Los estudiantes logran enarbolar, a los ojos de los habitantes de la ciudad, el descontento por toda la represión ejercida sobre el movimiento obrero y su expresión encarnada en la reconfiguración urbanística de mediados del siglo XX. En una metrópoli que sustentaba su crecimiento con la exclusión de la población trabajadora –expulsándola a las grandes zonas conurbadas como Ciudad Neza, que surgen en esa época–, el movimiento del 68 también fue un cuestionamiento a dicho ordenamiento del espacio público.
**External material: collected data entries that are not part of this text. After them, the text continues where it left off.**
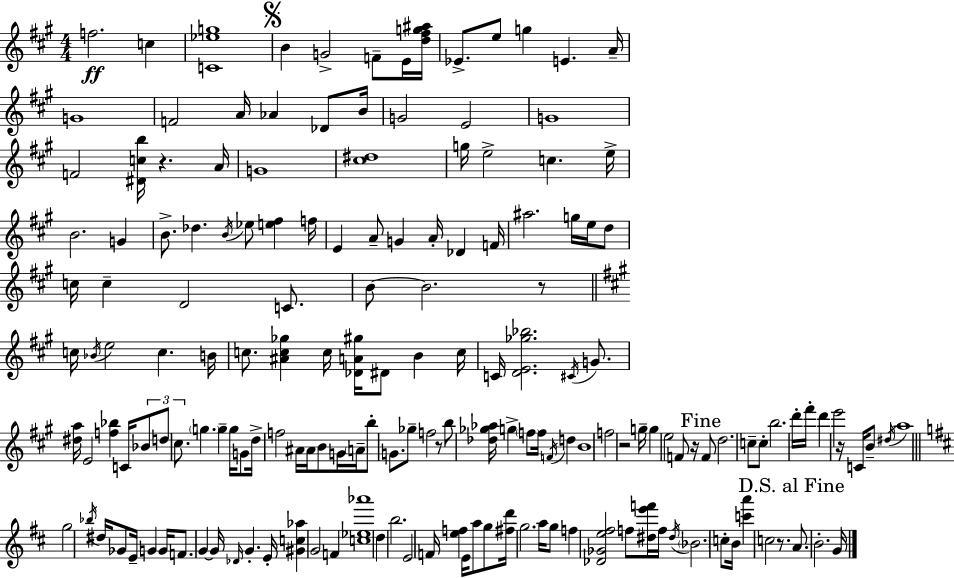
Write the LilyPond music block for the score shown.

{
  \clef treble
  \numericTimeSignature
  \time 4/4
  \key a \major
  f''2.\ff c''4 | <c' ees'' g''>1 | \mark \markup { \musicglyph "scripts.segno" } b'4 g'2-> f'8-- e'16 <d'' fis'' g'' ais''>16 | ees'8.-> e''8 g''4 e'4. a'16-- | \break g'1 | f'2 a'16 aes'4 des'8 b'16 | g'2 e'2 | g'1 | \break f'2 <dis' c'' b''>16 r4. a'16 | g'1 | <cis'' dis''>1 | g''16 e''2-> c''4. e''16-> | \break b'2. g'4 | b'8.-> des''4. \acciaccatura { b'16 } ees''8 <e'' fis''>4 | f''16 e'4 a'8-- g'4 a'16-. des'4 | f'16 ais''2. g''16 e''16 d''8 | \break c''16 c''4-- d'2 c'8. | b'8~~ b'2. r8 | \bar "||" \break \key a \major c''16 \acciaccatura { bes'16 } e''2 c''4. | b'16 c''8. <ais' c'' ges''>4 c''16 <des' a' gis''>16 dis'8 b'4 | c''16 c'16 <d' e' ges'' bes''>2. \acciaccatura { cis'16 } g'8. | <dis'' a''>16 e'2 <f'' bes''>4 c'16 | \break \tuplet 3/2 { bes'8 d''8 cis''8. } \parenthesize g''4. g''4-- | g''16 g'8 d''16-> f''2 ais'16 ais'16 b'8 | g'16 \parenthesize a'16-- b''8-. g'8. ges''8-- f''2 | r8 b''8 <des'' ges'' aes''>16 g''4-> \parenthesize f''8 f''16 \acciaccatura { f'16 } d''4 | \break b'1 | f''2 r2 | g''16-- g''4 e''2 | f'8 r16 \mark "Fine" f'8 d''2. | \break c''8-- c''8-. b''2. | d'''16-. fis'''16-. d'''4 e'''2 r16 | c'16 b'8-- \acciaccatura { dis''16 } a''1 | \bar "||" \break \key d \major g''2 \acciaccatura { bes''16 } dis''16 ges'8 e'16-- g'4 | g'16 f'8. g'4~~ g'16 \grace { des'16 } g'4.-. | e'16-. <gis' c'' aes''>4 g'2 f'4 | <c'' ees'' aes'''>1 | \break d''4 b''2. | e'2 f'16 <e'' f''>4 e'16 | a''8 g''8 <fis'' d'''>16 g''2. | a''16 g''8 f''4 <des' ges' e'' fis''>2 | \break f''8 <dis'' e''' f'''>16 f''16 \acciaccatura { dis''16 } \parenthesize bes'2. | c''8-. b'16 <c''' a'''>4 c''2 | r8. \mark "D.S. al Fine" a'8. b'2.-. | g'16 \bar "|."
}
A tal punto es así, que no sorprende que la Plaza de las Tres Culturas fuese el lugar de su sangriento desenlace: en ella se confundían la memoria de las derrotas pasadas y la esperanza en su resarcimiento futuro.
Lo político
El movimiento del 68 –a nivel internacional y en México– es esclarecedor para el filósofo Echeverría no sólo respecto al contexto que lo vio emerger, sino respecto a los límites de la política en la modernidad capitalista. En este sentido, comenta que puede rastrearse una co-pertenencia entre el proceso de americanización de la modernidad y la crisis de las formas ilustradas de hacer política.
La revolución francesa habría inaugurado una política basada en la confrontación de ideas, en el discurso racional que se desplegó en el espacio público. Sin embargo, marcado tanto por la revolución como por la contrarrevolución, el siglo XX registró poco a poco el triunfo de esta última sobre la primera. Involucró un acotamiento del quehacer político al ámbito del estado burgués en los marcos de un predominio cada vez más afincando de la valorización del valor sobre la forma natural de reproducción social; esto es, una restricción que limita el ámbito de las decisiones políticas a las necesidades de un consenso capitalista pleno, sin posibilidad de impugnar el modo de producción existente. [13]
Por esta razón, no es posible entender al movimiento del 68 como un eslabón en la larga cadena del perfeccionamiento de la democracia y del estado liberal. Más bien, como dice Echeverría: “el movimiento juvenil del 68 impugna —tal vez ya tardíamente— esta autolimitación de la vida política que, bajo el nombre de “reconstrucción de la democracia”, la sociedad contemporánea viene sufriendo desde entonces”. [14] Lo que demostró, en una época que no tardaría en cerrarse bajo el signo de la contrarrevolución, no fueron “nuevas formas de hacer la misma política burguesa, sino de otras formas de hacer política que rebasan utópicamente el horizonte burgués”. [15] La interpretación dominante y progresista que se hace hoy de este acontecimiento queda presa, desde esta perspectiva, en el incesante elogio que la política contemporánea hace del capitalismo.
Quienes buscan, hoy, mediatizarlo y construir la idea de que abrió paso a la consecución de la democracia, único horizonte posible para la política del siglo XX, desfiguran precisamente lo siguiente: el movimiento fue, con su propia existencia en acto, un cuestionamiento a lo incuestionable en la democracia. Con su impronta reactualizó la posibilidad de imaginar y plantear una concreción no capitalista de las sociedades humanas. La tarea, por ende, de una lectura marxista de éste, no puede sino construirse desde la fractura de tal relato; es decir, en última instancia, de la negación de sociedad que lo sostiene y le brinda legitimidad. Ésa es la tarea que nos lega el movimiento del 68.